--- What is required ---
Here the job is to print only the lines from the one containing "A New Friend (Magic Ponies)" to the end of the entries, both included, exactly as they stand, with pictures excluded.

--- Dataset excerpts ---
- - - - - - -

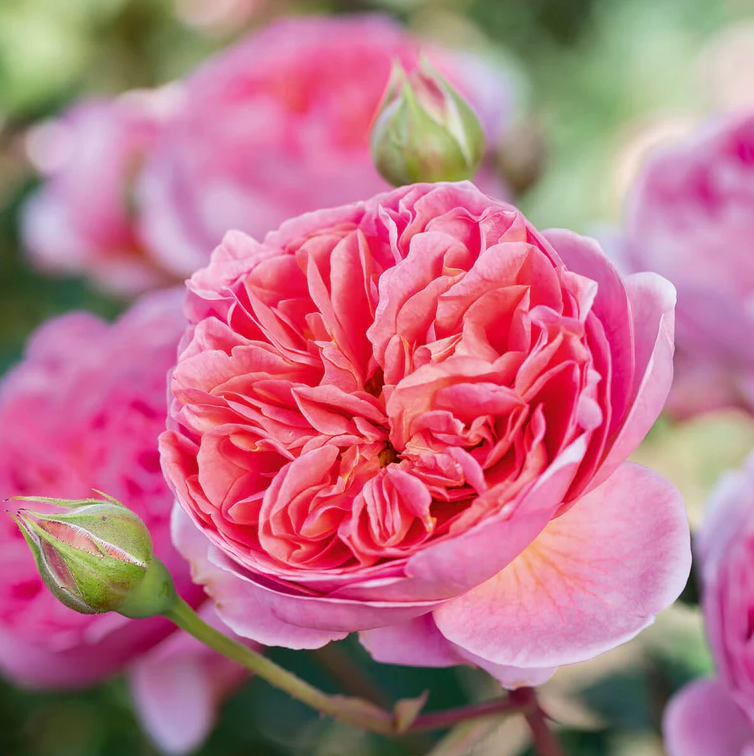 3G David Austin Rose Bush - 'Boscobel' Coral Pink - 2005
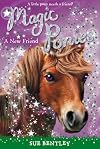 A New Friend (Magic Ponies)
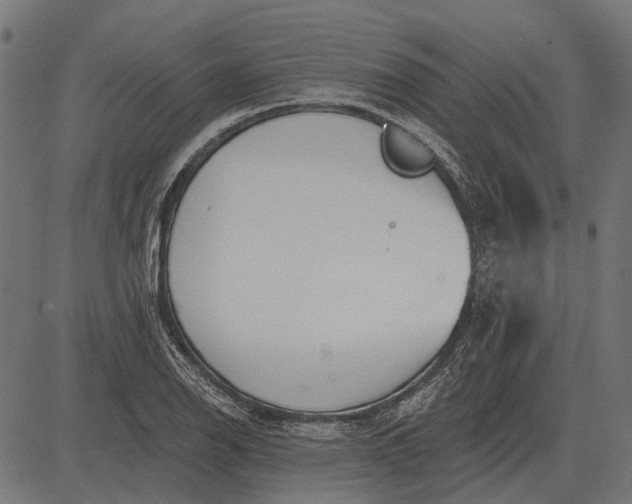 X0000082731126200702091831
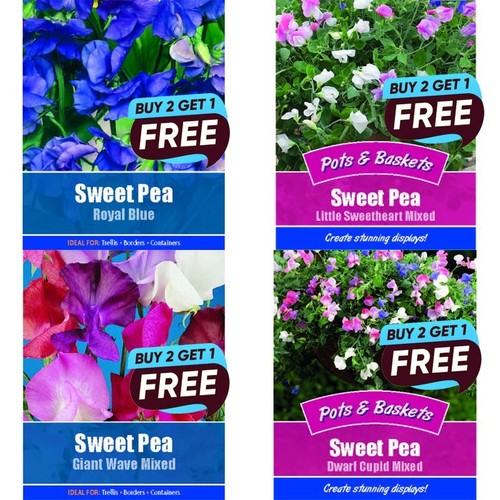 Flower seeds grow - grow, your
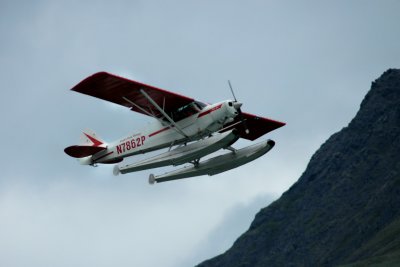 Frank and Supercub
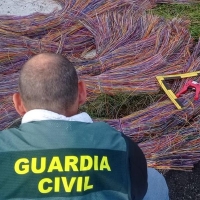 Dos semanas sin teléfono por culpa de dos ladrones en un pueblo extremeño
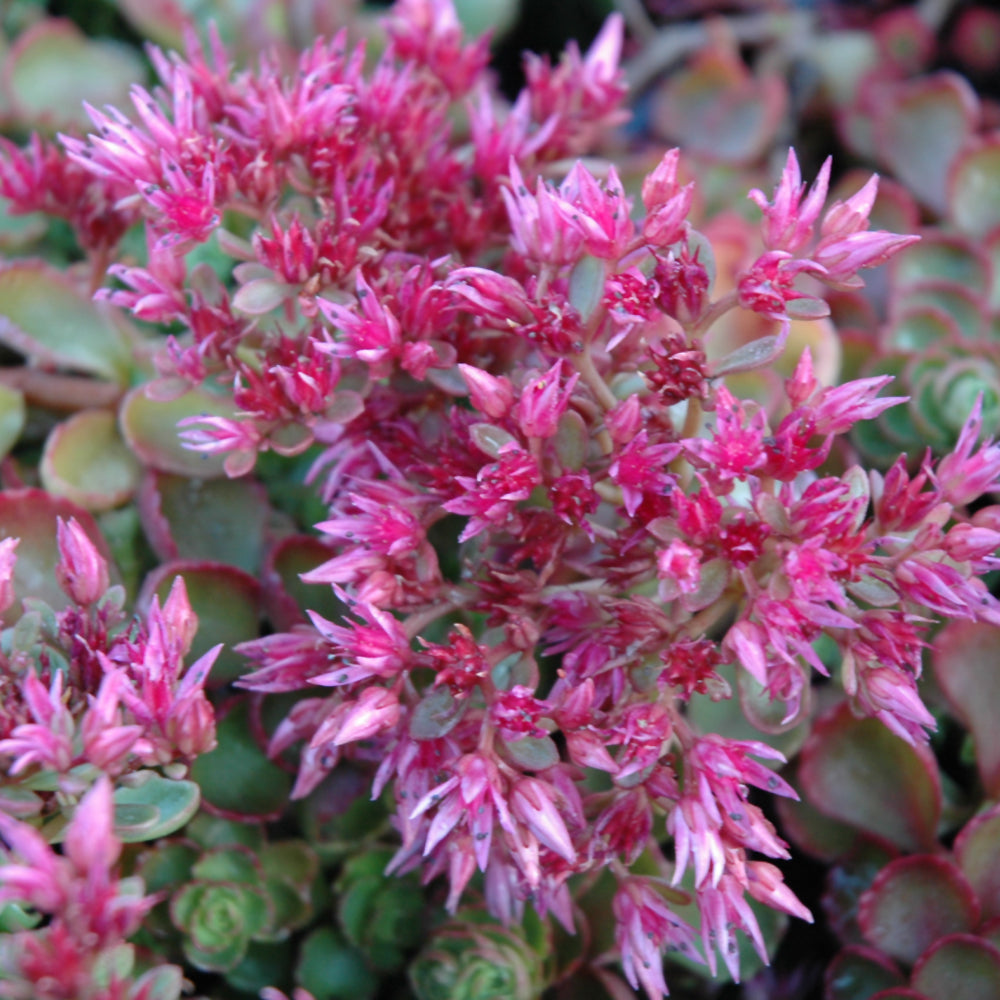 Fulda Glow Stonecrop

- - - - - - -

--- Completed exercise ---
 A New Friend (Magic Ponies)
 X0000082731126200702091831
 Flower seeds grow - grow, your
 Frank and Supercub
 Dos semanas sin teléfono por culpa de dos ladrones en un pueblo extremeño
 Fulda Glow Stonecrop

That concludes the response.